Registration through Zoom is required for access to the webinar.

Dean Spade is Associate Professor at Seattle University School of Law. He is the author of Normal Life: Administrative Violence, Critical Trans Politics, and the Limits of Law (2015) and Mutual Aid: Building Solidarity During this Crisis (and the next) (2020). In 2002, Spade founded the Sylvia Rivera Law Project, a collective organization focused on providing free legal services, engaging in impact litigation, and building community organizing led by and for trans and gender nonconforming people who are low-income and/or people of color. In 2016, he co-founded Big Door Brigade, a collective organized around the significance of mutual aid as a strategy for survival and mobilization.

Leah Lakshmi Piepzna-Samarasinha is a queer, disabled, nonbinary femme poet, writer, educator, and social activist.  They are the author or co-editor of nine books, including Dirty River: A Queer Femme of Color Dreaming Her Way Home, Care Work: Dreaming Disability Justice, and Beyond Survival: Stories and Strategies from the Transformative Justice Movement (co-edited with Ejeris Dixon). They are the 2020 recipient of the Lambda Literary 2020 Jeanne Córdova Prize for Lesbian/Queer Nonfiction recognizing “a lifetime of work documenting the complexity of queer experience.” They are also the recipient of the 2020 Ford Foundation’s Disability Futures Fellowship.

Hil Malatino is Assistant Professor of Women’s, Gender, and Sexuality Studies and Research Associate at the Rock Ethics Institute at Pennsylvania State University.

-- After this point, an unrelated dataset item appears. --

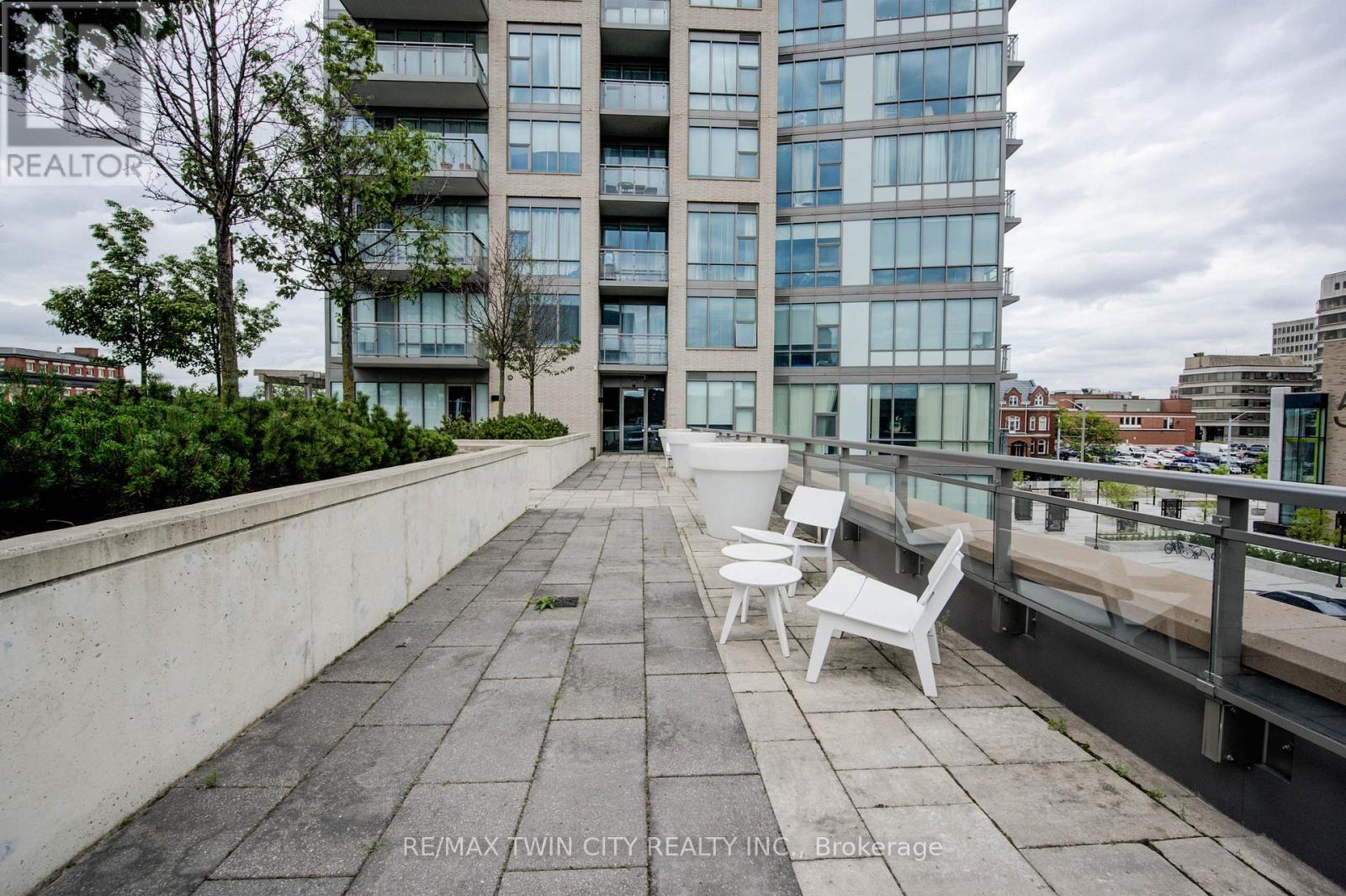 112 - 85 Duke Street, Kitchener, Ontario  N2H 0B7 - Photo 2 - X12656290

He is the author of Queer Embodiment: Monstrosity, Medical Violence, and Intersex Experience (2019), which examines the relationship between intersex embodiment, biomedical technologies, and the forms of subjectivity both enabled and constrained by the medicalization of gender non-conformance. His second book, Trans Care (2020), offers a critical intervention in how care labor and care ethics have been thought, arguing that dominant modes of conceiving and critiquing the politics and distribution of care entrench normative and cis-centric familial structures and gendered arrangements.

Savannah Shange is Assistant Professor of Anthropology at UC Santa Cruz and serves as principal faculty in Critical Race & Ethnic Studies. She is the author of Progressive Dystopia: Abolition, Antiblackness, and Schooling in San Francisco (2019), which sees San Francisco as a social laboratory for how Black communities survive the end of their worlds and argues for abolition over progressive reform as the needed path toward Black freedom. The book was the winner of the 2020 Gregory Bateson Book Prize from the Society of Cultural Anthropology. Her research interests include gentrification, multiracial coalition, ethnographic ethics, and Black femme gender. She is the author of multiple articles published in Transforming Anthropology, The Black Scholar, and Women & Society.